Harry gave him the scrambled cell phone number. “Use that number when I’m on the ground. You can call me on the sat phone in the airplane. Now get going!”
“Oh, Harry, I almost forgot. You got a call from Chip Beckham from the Secret Service?”
“Yeah? Does he want me to call him back?”
“He said that wouldn’t be necessary, and anyway, he’ll be traveling. He said he was going to be in Miami tonight, and he’s calling in your debt. He said you’d know what he meant. He gave me a cell phone number for you to get him on in Miami.”
Harry jotted down the number. “Thanks, Mark.” A second after he hung up, he realized what Chip’s phone call meant. “Holy shit!” he yelled.
“What?” Eddie asked.
“Check the White House Web site and get the president’s published schedule for today and tomorrow.”
“Just take a sec,” Eddie said, tapping some computer keys. “Here we are. Nothing for today or tomorrow.”
Then what was Chip going to be doing in Miami?
The young man brought Ham lunch and dinner, too. “Be ready to leave here at six-thirty,” he said. “John says wear the blue suit, shirt and tie and carry your shaving stuff and a change of clothes. Oh, and wear the disguise,” he said, then left Ham alone.

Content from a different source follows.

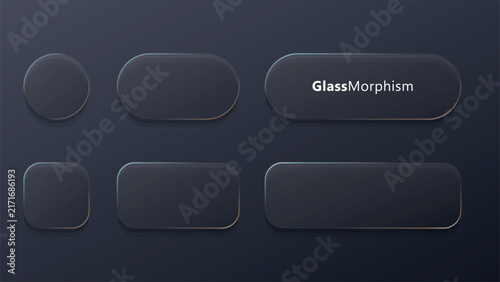 Dark Theme Glassmorphism Blank UI Panel Set with Frosted Glass Effect and Golden Outline for Premium Website Interface and Dashboard Elements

Ham checked his watch. He had just enough time to eat and dress, but no opportunity to get at his cell phone, which was still taped under the dash of the jeep, unless someone had found it.
He was worried. He had expected to leave the compound on Monday morning and to have plenty of time to call Harry or Holly. He didn’t like this at all.
He finished his dinner, then dressed in the suit and stuck the mustache and eyebrows on, the way Dave had taught him. He put the glasses in his pocket and tried on the hat. He looked like any salesman in the state of Florida, he thought.
He heard a vehicle stop outside, and Peck came to the door. “You ready?” he asked.
“Yep.” He grabbed his bag and walked out the door. John was waiting in the jeep.
“You look great, Ham,” John said.
“Thanks. I’ll drive, if you like.” He had to get near that cell phone.
“Nah, I’ll drive,” Peck replied.
Ham wanted to hit him.
Fifty-five
HOLLY, WITH DAISY, ARRIVED BREATHLESSLY AT the airport and found Harry waiting for her in the Sun Jet Aviation lounge. “I couldn’t get anybody to stay with Daisy on such short notice. What’s up?” she asked. “Where are we going?”
Harry took her suitcase and gave Daisy a pat. “They’re on the move,” he said, “and I think Ham is with them.” He headed out of the building and across the ramp toward a King Air.
“But it wasn’t supposed to go down until Monday.”
“As far as we know, it still might. John has a hotel reservation until Tuesday morning, under the name Owen, but that’s the only name we’ve got.”
“What hotel?”
“We don’t know. We just picked this up on the smoke detector bug.” He stowed her luggage on the airplane, and they got in and buckled up. Doug was already aboard. Daisy settled into the seat next to Holly as if she flew every day.